[Start of Attachment]
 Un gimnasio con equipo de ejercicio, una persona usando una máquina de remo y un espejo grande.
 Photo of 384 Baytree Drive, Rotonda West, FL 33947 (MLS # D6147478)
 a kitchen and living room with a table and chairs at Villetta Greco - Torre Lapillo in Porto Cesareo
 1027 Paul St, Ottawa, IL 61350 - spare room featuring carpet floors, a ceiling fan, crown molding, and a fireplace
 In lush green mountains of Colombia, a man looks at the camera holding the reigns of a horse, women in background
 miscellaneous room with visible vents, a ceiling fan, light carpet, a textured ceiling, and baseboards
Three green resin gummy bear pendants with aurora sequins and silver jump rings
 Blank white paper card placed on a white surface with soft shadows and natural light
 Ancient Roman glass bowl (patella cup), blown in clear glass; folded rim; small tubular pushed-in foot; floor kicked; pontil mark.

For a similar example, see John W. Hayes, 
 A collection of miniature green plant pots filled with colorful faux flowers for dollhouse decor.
[End of Attachment]
[Start of Attachment]
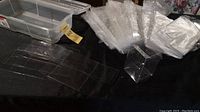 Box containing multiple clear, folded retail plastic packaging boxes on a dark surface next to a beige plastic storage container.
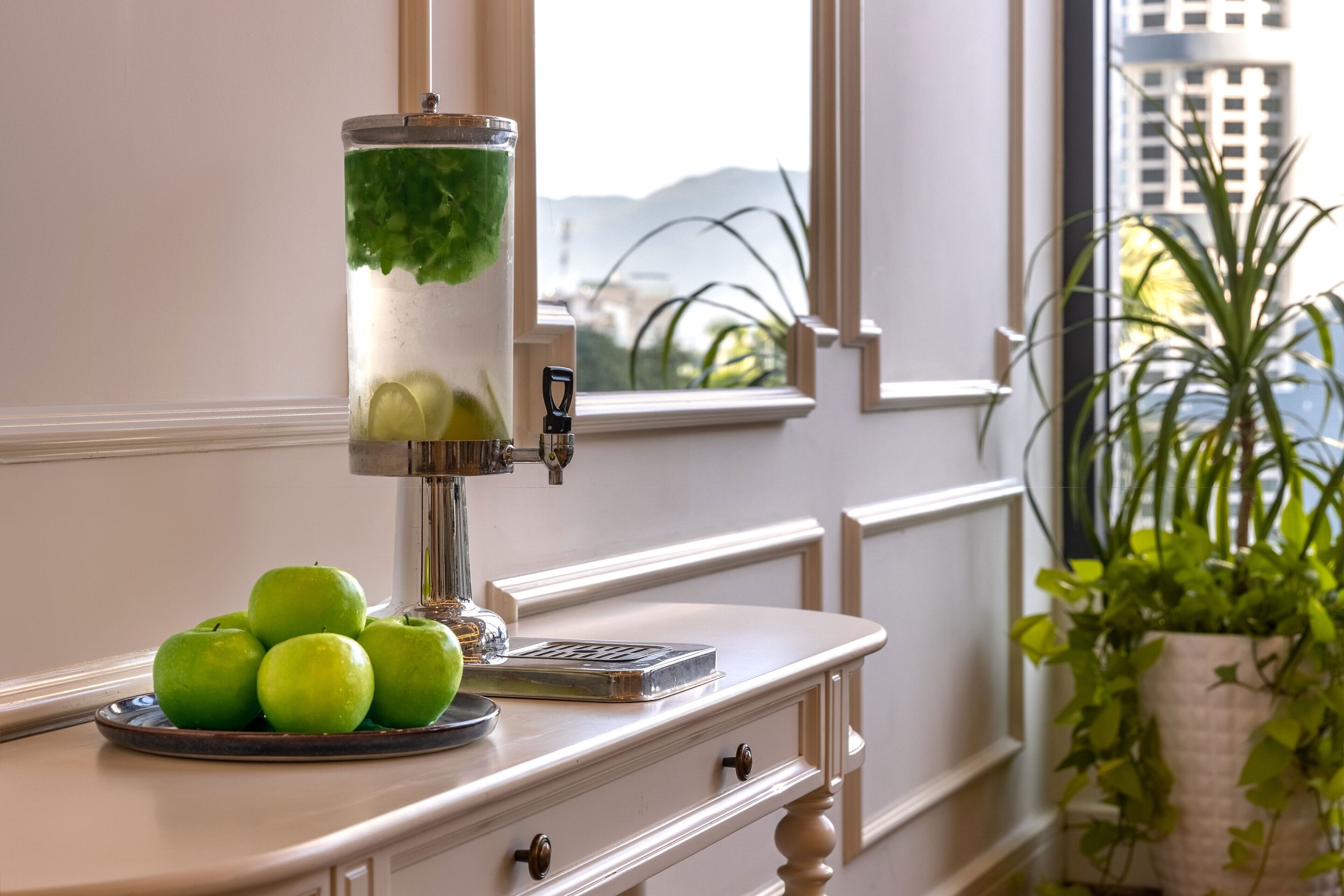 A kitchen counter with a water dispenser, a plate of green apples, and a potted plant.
[End of Attachment]
*ACTION ITEM*.
Could you restate word for word the lines above, from the one that contains "In lush green" through the one that contains "A collection of", and no others?

*YOUR SOLUTION*.
 In lush green mountains of Colombia, a man looks at the camera holding the reigns of a horse, women in background
 miscellaneous room with visible vents, a ceiling fan, light carpet, a textured ceiling, and baseboards
Three green resin gummy bear pendants with aurora sequins and silver jump rings
 Blank white paper card placed on a white surface with soft shadows and natural light
 Ancient Roman glass bowl (patella cup), blown in clear glass; folded rim; small tubular pushed-in foot; floor kicked; pontil mark.

For a similar example, see John W. Hayes, 
 A collection of miniature green plant pots filled with colorful faux flowers for dollhouse decor.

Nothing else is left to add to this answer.